Mimozette Nghamsi Fotie

Personal information
- Born: December 20, 1977 (age 48)
- Weight: 44.49 kg (98 lb)

Sport
- Country: Cameroon
- Sport: Para-powerlifting
- Event: Women's −45 kg

Achievements and titles
- Paralympic finals: 2020 Tokyo

= Mimozette Nghamsi Fotie =

Cameroonian para-powerlifter

Mimozette Nghamsi Fotie is a Cameroonian para-powerlifting athlete who has competed internationally in the women's flyweight categories. She represented Cameroon at the 2014 Commonwealth Games and the 2020 Summer Paralympics.

== Career ==
On August 2, 2014, Nghamsi Fotie competed in the women's lightweight (-61 kg) division at the 2014 Commonwealth Games in Glasgow, Scotland. She completed a 65.0 kg bench press on her first attempt, ultimately placing 5th overall.

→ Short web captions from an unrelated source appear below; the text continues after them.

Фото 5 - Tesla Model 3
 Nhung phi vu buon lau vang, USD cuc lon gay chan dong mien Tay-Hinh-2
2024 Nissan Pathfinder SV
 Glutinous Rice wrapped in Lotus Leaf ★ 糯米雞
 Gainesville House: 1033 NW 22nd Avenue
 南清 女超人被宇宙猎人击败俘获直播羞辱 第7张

In December 2018, she stepped up to the -50 kg weight class while competing for the French club ASMIC Gonesse (Sports Association for the Mutilated and Disabled of the City and Region Gonesse). During the Coupe de France des Clubs, she successfully achieved a bench press of 87 kg.

Nghamsi Fotie secured her highest global ranking at the 2019 IPC Para Powerlifting World Championships, where she placed 7th overall in the -45 kg category. Due to these achievements, she was regarded as one of the top para-powerlifters on the African continent.

She qualified to represent Cameroon at the delayed 2020 Summer Paralympics in Tokyo, Japan, held in 2021. She was the first athlete from the Cameroonian delegation to compete at the Tokyo games, though she was ultimately eliminated during the early rounds of the -45 kg competition.